Suara.com - Sejumlah keluarga suku Kurdi tampak berdesak-desakan di dalam selimut di sebuah gua yang temaram. Yang lain memilih bersembunyi di balik puing-puing bangunan, berkumpul di sekitar api unggun. Sementara yang memunyai ruang bawah tanah, mencari perlindungan di sana.
Inilah Afrin!
Afrin adalah kawasan di Suriah, yang dua pekan terakhir dibombardir secara brutal oleh pasukan Turki atas perintah Presiden Recep Tayyip Erdogan. Turki berkilah, menyerbu daerah itu untuk memberantas milisi Kurdi yang ingin menentukan nasib sendiri.
PBB, seperti dilansir CNN, Jumat (2/1/2018), mengestimasi 16.000 warga Kurdi telah mengungsi akibat serbuan barbar tersebut.
Mereka mayoritas berlindung ke dalam gua, karena serdadu Turki mengefektifkan pola serangan udara dan pembomban tanpa jeda.
"Kami tak lagi tahu harus pergi kemana," tutur bocah Kurdi berusia 10 tahun bernama Mohhamed Khaled,saat diwawancarai ekslusif oleh CNN.
"Sudah 5 hari terakhir pesawat (Turki) menjatuhkan bom tanpa henti.

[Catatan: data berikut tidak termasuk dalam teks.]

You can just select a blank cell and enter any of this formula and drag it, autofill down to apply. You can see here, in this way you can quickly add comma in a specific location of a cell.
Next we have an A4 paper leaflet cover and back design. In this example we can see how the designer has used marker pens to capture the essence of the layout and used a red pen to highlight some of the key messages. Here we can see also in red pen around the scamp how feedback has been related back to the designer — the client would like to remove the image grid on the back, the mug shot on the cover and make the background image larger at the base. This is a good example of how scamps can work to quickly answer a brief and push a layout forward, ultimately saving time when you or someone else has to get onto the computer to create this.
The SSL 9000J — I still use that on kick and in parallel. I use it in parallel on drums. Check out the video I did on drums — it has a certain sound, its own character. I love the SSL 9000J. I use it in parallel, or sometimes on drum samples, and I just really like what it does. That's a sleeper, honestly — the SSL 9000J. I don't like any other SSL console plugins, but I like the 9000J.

Ayahku bilang jangan keluar dari gubuk ini. Jadi kami tidur di sini. Semua rumah kami dihancurkan," katanya.
Khaled berdiri di luar salah satu bangunan, di mana warga sipil mencari perlindungan. Anak-anak berkeliaran di belakangnya, gelisah.

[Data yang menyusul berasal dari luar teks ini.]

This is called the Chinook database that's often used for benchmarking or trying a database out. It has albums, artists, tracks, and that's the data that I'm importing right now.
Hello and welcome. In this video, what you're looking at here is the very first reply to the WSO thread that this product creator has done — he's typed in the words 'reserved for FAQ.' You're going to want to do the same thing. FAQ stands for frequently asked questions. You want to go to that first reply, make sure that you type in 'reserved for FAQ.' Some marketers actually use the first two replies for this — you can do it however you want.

Menurut data UNICEF, warga sipil Kurdi telah dicegah untuk meninggalkan Afrin oleh pemerintah setempat. Sementara organisasi kemanusiaan harus menangguhkan layanan perlindungan anak di tengah aksi persekusi Turki tersebut.
Baca Juga: Operasi Lepas Pen, Ini yang Harus Dilakukan
Umi Muhammed, ibu Khaled, tak habis pikir kenapa Erdogan memerintahkan serdadunya untuk membom mereka.

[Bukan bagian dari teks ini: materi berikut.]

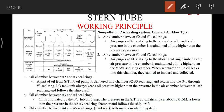Now let's see the pressures maintained on the seal rings. The rings are numbered: zero, one, two, three, four, five. On the outside is the seawater, so this is the seawater pressure, which changes according to the draft of the ship.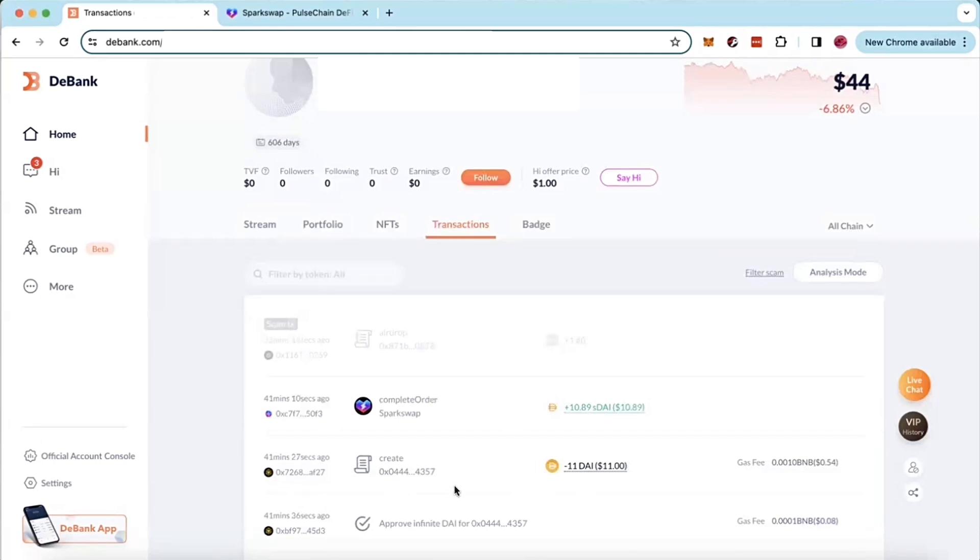That's insane. But you'll see here when you initiate the bridge, it's going to say create on D-Bank under your transactions. And when the bridge completes, it's going to say complete order.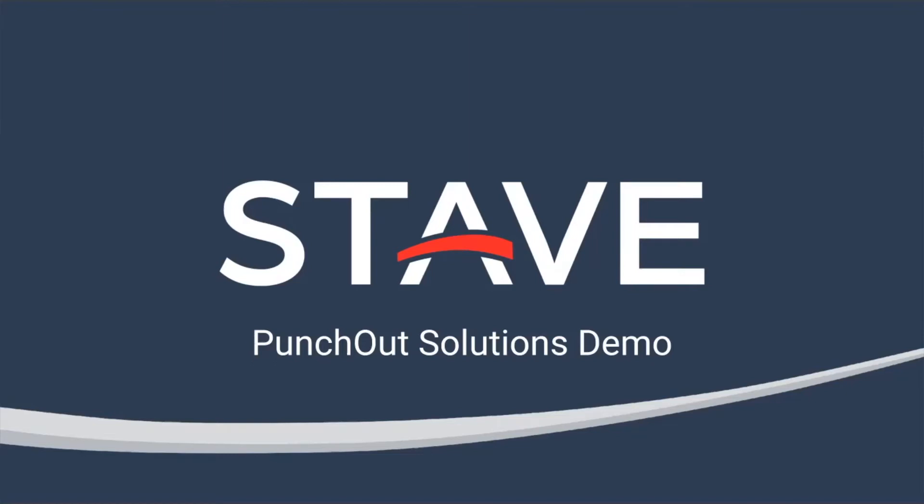Hello and welcome. I'm Craig Vogel, Product Manager here at Stave, and today I'm going to show you how our new Punch-Out solutions connect Stave Procurement and ServiceNow with Amazon Business to simplify and accelerate your procure-to-pay process.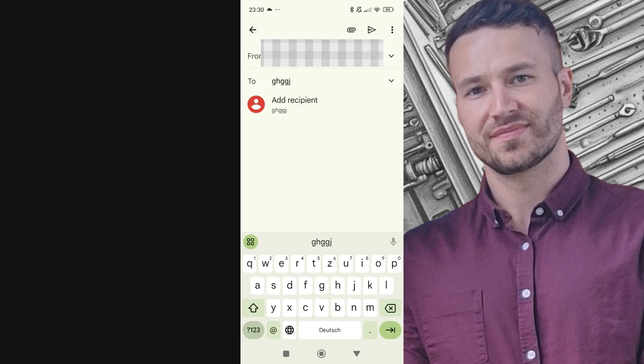This way, you can retrieve or send a draft email directly to your inbox. That's all there is to it. Now you can easily manage and retrieve emails from your Drafts folder whenever needed.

"Apa yang telah dia lakukan kepada kami?" tuturnya dalam bahasa Arab.
"Kami kehilangan rumah. Kami kehilangan anak-anak kami. Tak ada yang tersisa... Kenapa hal ini terjadi kepada kami? Bukankah ini memalukan? membiarkan anak-anak harus hidup seperti itu? Kita adalah manusia, bukan? Mengapa mereka melakukan ini terhadap kita? " rutuknya.
"Ini adalah pembunuhan massal," tegasnya, lantas menangis.
"Tolong sampaikan pesan kami. Kami memohon kepada masyarakat internasional untuk menghentikan pembunuhan warga sipil, menghentikan serangan udara Turki dan perang melawan kami."
Afrin telah menanggung beban serangan Turki sejak 20 Januari, ketika Erdogan meluncurkan "Operation Olive Branch" (Operasi Ranting Zaitun), untuk menyingkirkan sejumlah partai politik sekaligus sayap militernya yang ingin menentukan nasib bangsa Kurdi sendiri, tanpa campur tangan Turki dan negara lain.